On Wikipedia https://en.wikipedia.org/wiki/Isomorphism_theorems#Theorem_C_(modules), the second part of the third isomorphism theorem for modules says the following.
Let $M$ be an $R$ module and let $T$ be a submodule of $M$.
Then every submodule of $\frac{M}{T}$ is of the form $\frac{S}{T}$ for some submodule $S$ of $M$, such that $ T \subseteq S \subseteq M$.

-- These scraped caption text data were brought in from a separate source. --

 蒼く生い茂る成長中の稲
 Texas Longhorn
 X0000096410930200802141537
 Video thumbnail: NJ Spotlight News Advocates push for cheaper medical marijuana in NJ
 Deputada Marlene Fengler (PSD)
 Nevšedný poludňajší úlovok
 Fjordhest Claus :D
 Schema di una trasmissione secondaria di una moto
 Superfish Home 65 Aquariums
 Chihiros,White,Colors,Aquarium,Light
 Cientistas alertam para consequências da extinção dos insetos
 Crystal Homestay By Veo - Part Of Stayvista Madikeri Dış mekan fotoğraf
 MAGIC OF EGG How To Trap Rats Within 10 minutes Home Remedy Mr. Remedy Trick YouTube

Initially, I attempted as follows;
Let $I$ be a submodule of $\frac{M}{T}$. Define $\phi : I \rightarrow M$ by $\phi( m + T ) = m, m \in I $. Then I tried to use $\phi$ to show $T \subseteq Im(\phi) \subseteq M$ and $I = \frac{Im(\phi)}{T}$. However I then realised that $\phi$ is not well defined, since if $m_1 + T = m_2 + T$, both are in $I$, and $m_1 \neq m_2$, $\phi$ maps them to different elements even though they are the same element in the domain.
Does anyone have a hint/proof?
Thanks in advance
Best Answer
As answered in the comments, If $I$ is a submodule of $\frac{M}{T}$, the submodule of M given by $S = \{ m \in M : m + T \in I \} $ gives $ T \subseteq S \subseteq M$ and $I = \frac{S}{T} $.